Discovering IoT devices with Shodan

In this lab, we'll be using the Shodan search engine to gather critical information on IoT devices connected to the internet in real time.

Shodan.io is a search engine used to search for internet-connected devices including IoT devices. These devices are not always properly secured and can be riddled with vulnerabilities and default password credentials, a veritable playground for hackers.

• With a simple Shodan.io search query, you can learn more about vulnerable devices and how these could be exploited.
• In this lab, we'll use Shodan.io to identify and secure these vulnerabilities and protect our devices.

We'll start by using firefox to navigate to shodan.io.

We need to create an account to use shodan, so we'll create a quick temporary account, and then return to the homepage. Once we're at the home page, we'll type in ibm.com into the search bar at the top of the page.

We'll click on View report and we can see that our  report generated important information regarding devices discovered on ibm.com

• Map of the geographical locations of devices discovered.
• Port number the service is communicating through.
• Organization hosting the service.
• Identified vulnerabilities.
• Products which are the services running on the network.
• Tags that are used to keep track of various types of devices and services.
• Operating Systems of discovered devices.

When we perform a search on shodan.io our results will depend on how we format our search. This section will help us optimize our search query to discover more information.

Shodan uses these search filters that allows the search engine to return more accurate results.
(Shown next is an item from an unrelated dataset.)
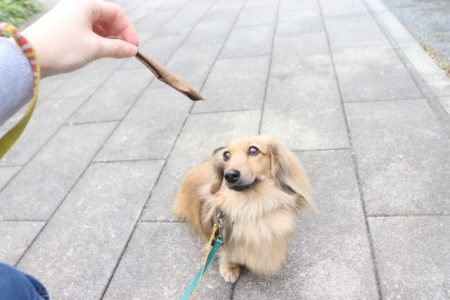 葉っぱの舞う季節ですね…🍂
For more help on search query syntax and how to utilize the Shodan search functions refer to Shodan Search Query Fundamentals

Shodan.io identifies devices by collecting the information that is stored in the banner of the service. This is a simple welcome message containing:

• network host
• application type
• service version
• operating systems

This information is incredibly useful when identifying a vulnerable application.

In the search bar if we chage the search tag from ibm.com to org:ibm, we go from about 300 total results to about 17k results.

The org tag searches for IP addresses owned by the organization from our search query.

We can search for types of devices connected or even brands of devices connected to the internet. We'll surround our search query with quotation marks to search for brands of devices.

Our search query produces results for linksys and cisco show over 7,000+ linksys devices and over 6,000,000+ cisco devices connected to the internet and responding to Shodan's request.

Using Shodan.io as a search engine to find IoT devices connected to the internet has been eye-opening. We discovered that many of these devices are vulnerable and pose potential security risks. Shodan.io provides valuable information like device locations, vulnerabilities, and running services, enabling us to identify and address these risks.

We also learned how to refine our searches using filters, such as searching by organization or specific device brands. This helped us narrow down results and obtain more relevant information.

The sheer number of vulnerable devices we found, such as thousands of Linksys and millions of Cisco devices, highlights the urgent need for better security practices in the IoT industry. Manufacturers and users must prioritize securing these devices to prevent unauthorized access and potential exploitation.

In summary, Shodan.io is a powerful tool for discovering IoT vulnerabilities. By leveraging its capabilities and taking proactive security measures, we can contribute to a safer and more secure IoT ecosystem.